A nuclear medicine bone scan shows the effects of injury or disease (such as cancer) or infection on the bones. A nuclear medicine bone scan also shows whether there has been any improvement or deterioration in a bone abnormality after treatment.

A radioactive material (radiopharmaceutical) is injected into a vein, attaches to the bones and is detected by a special camera (gamma camera) that takes images or pictures that show how the bones are working.

Nuclear medicine bone scans are carried out for many different reasons.

Bone scans image both the structure and the active cell growth of the bones, so are often used in conjunction with other imaging e.g. X-rays, computed tomography (CT) or magnetic resonance imaging (MRI).

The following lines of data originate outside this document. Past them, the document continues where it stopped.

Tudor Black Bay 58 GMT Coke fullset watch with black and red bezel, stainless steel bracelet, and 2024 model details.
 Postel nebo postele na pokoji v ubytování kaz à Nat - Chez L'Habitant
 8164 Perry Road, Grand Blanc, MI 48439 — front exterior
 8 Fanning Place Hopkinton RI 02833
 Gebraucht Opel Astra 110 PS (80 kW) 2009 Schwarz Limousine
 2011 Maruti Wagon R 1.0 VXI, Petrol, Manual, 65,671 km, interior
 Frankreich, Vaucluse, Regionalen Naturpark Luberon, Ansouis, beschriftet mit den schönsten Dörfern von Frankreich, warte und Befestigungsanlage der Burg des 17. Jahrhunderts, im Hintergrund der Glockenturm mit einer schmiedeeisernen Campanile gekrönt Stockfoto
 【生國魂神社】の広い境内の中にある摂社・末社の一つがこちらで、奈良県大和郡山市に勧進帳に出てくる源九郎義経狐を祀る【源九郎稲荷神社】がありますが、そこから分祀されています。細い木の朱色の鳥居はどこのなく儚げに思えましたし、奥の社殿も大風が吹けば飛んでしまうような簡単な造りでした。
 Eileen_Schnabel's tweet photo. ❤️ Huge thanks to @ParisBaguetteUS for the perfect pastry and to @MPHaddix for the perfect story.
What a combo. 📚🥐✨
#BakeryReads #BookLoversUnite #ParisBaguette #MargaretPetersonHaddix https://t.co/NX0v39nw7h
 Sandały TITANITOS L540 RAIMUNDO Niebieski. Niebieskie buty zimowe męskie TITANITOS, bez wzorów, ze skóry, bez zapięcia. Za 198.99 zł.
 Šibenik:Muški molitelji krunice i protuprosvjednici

They are often used as a follow-up test when the cause of your pain or symptoms needs to be clarified, for example:

  • to evaluate the source of bone pain; for example, foot or hip pain
  •  to evaluate the findings from other diagnostic images or abnormal laboratory results

Listed below are some common reasons why your doctor may refer you for a bone scan:

  • difficult to find fractures, stress fractures, shin splints
  • osteomyelitis (infection of the bone), cellulitis (infection of the skin) or to assess a response to treatment (e.g. antibiotics) you might be having
  • arthritis, Paget’s disease, fractures from osteoporosis (where bones become fragile and are more likely to break)
  • to assess the presence or spread of cancer in bone, then to follow up on the response to treatment
  • complex regional pain syndrome (CRPS or previously known as reflex sympathetic dystrophy), avascular necrosis, prosthesis loosening or infection.

A bone scan helps your doctor evaluate how your bones are working, and provides information to help diagnose and treat your condition. It can show injury to the bones, the effects of disease such as cancer or infection, as well as any improvement or deterioration in a bone abnormality after any treatment you might be having.